Back in 2015, the Obama-era FCC adopted what’s known as the Open Internet Rule, which basically declared that internet service providers are “common carriers” — companies that transport things or people, like telephones or railroads or even pipelines. That means they’re regulated under Title 2 of the Communications Act. Now the Trump-era FCC may be on the verge of spiking those rules.
"Unfortunately where I think this is headed is at the moment not a great place. I think that the FCC is clearly intent on voting down Title 2 regulations. But I think that a court battle will inevitably ensue.”
Klancer was one of dozens of people who showed up at a recent town hall meeting on the subject, hosted by Democratic Congressman Don Beyer.
"If you put a bunch of people in a room, everyone will agree that net neutrality is itself a good idea. But in fact, when you listen to the Verizon, AT&T, Cox — their government affairs folks will all say we’re for net neutrality too. The problem is we have different definitions of net neutrality.”
Former FCC chairman Tom Wheeler took part in Beyer’s town hall and warned of a concerted effort in Washington to undo the rules he helped write.
“Their repeal is being championed by a handful of companies, and you basically know who those companies are: Comcast, AT&T, and Charter.”
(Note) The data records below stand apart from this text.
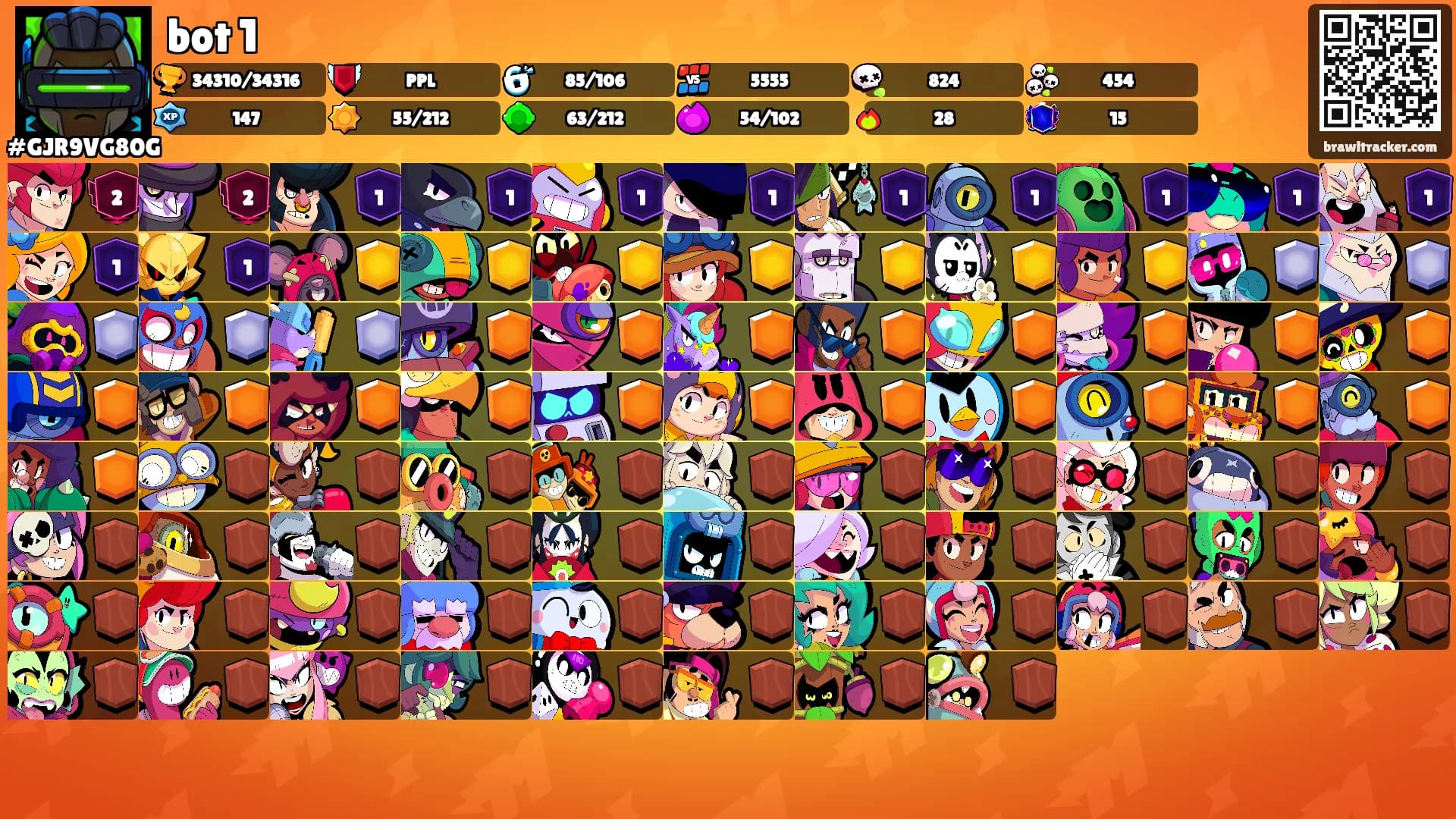 bot 1's Ranks
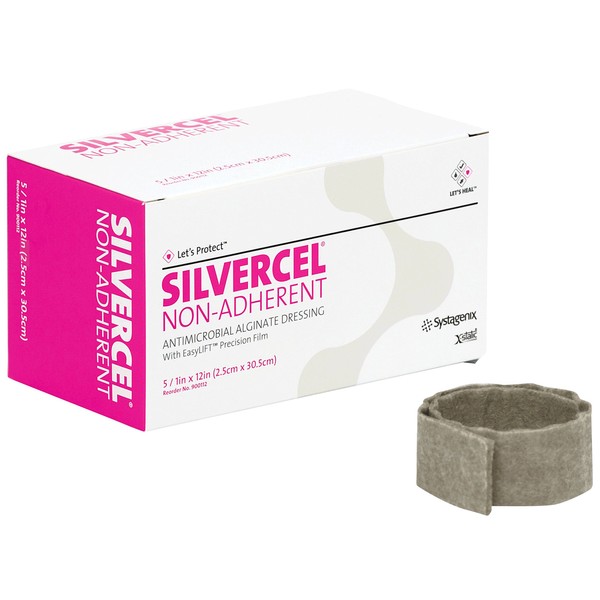 53900112 - Silvercel Non-Adherent Antimicrobial Alginate Dressing 1 x 12 Rope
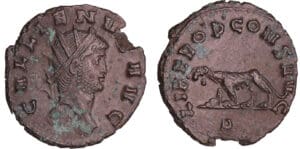 Gallien - Antoninien (267-268, Rome) - Panthère Gallien - Antoninien (267-268, Rome) - Panthère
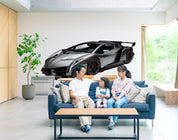 Car Gray Racing Wallpaper racing & cars wall mural for garage, game room or entertainment space - view 2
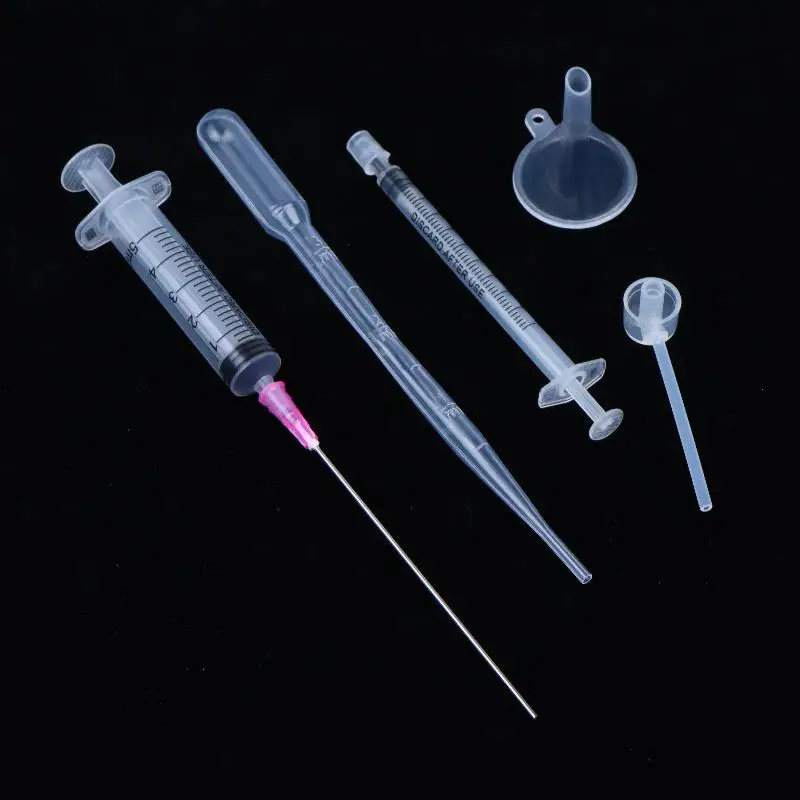5-teiliges Set aus Kunststoff-Diffusoren, Spritzen, Strohhalmen, Tropfernäpfchen, Sprühflaschen und anderen Kosmetikwerkzeugen für Parfüm-Nachfüllungen – Detail 5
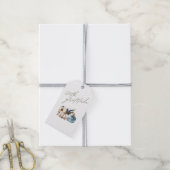 感謝祭ギフトラベル,フローラ,カボチャ ギフトタグ (より糸付き)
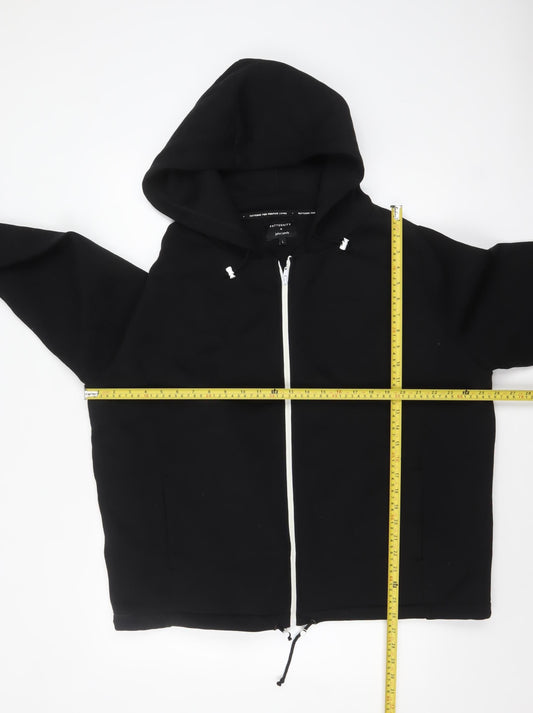Womens UK Size L John Lewis Black Full Zip Hoodie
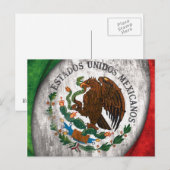 Briefkaart Mexico-vlag (Voorkant / Achterkant)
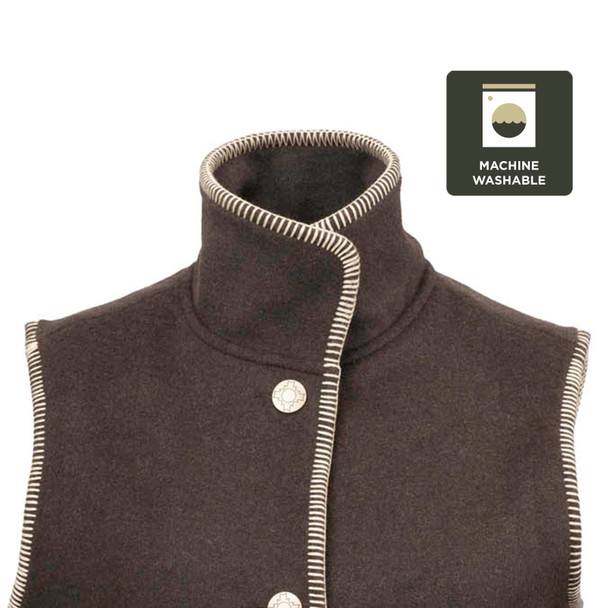 product variation OUTBACK TRADING Women's Susan Brown Vest (29922-BRN) image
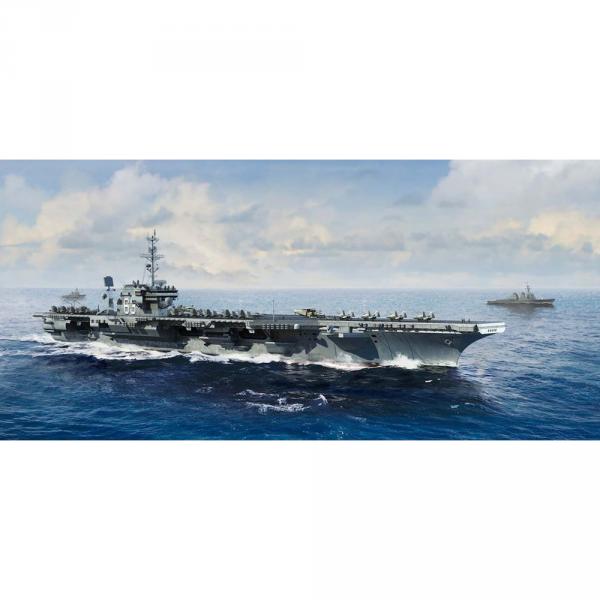 Maquette bateau : USS Kitty Hawk CV-63 - Trumpeter-TR06714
Wheeler says the Open Internet Rule that allows the government to regulate internet service providers as common carriers is an example of what he calls agile regulation — an attempt to deal with the fact that technology is changing faster than regulators in Washington can write rules to keep up.
“It’s being held up as one of the reasons why the current administration wants to get rid of the open internet rules because, 'well we don’t know what that means in five or ten years.’ Damn right you don’t, and that’s why it’s there.”
Critics of the FCC rules say they’re yet another example of the federal government overreaching.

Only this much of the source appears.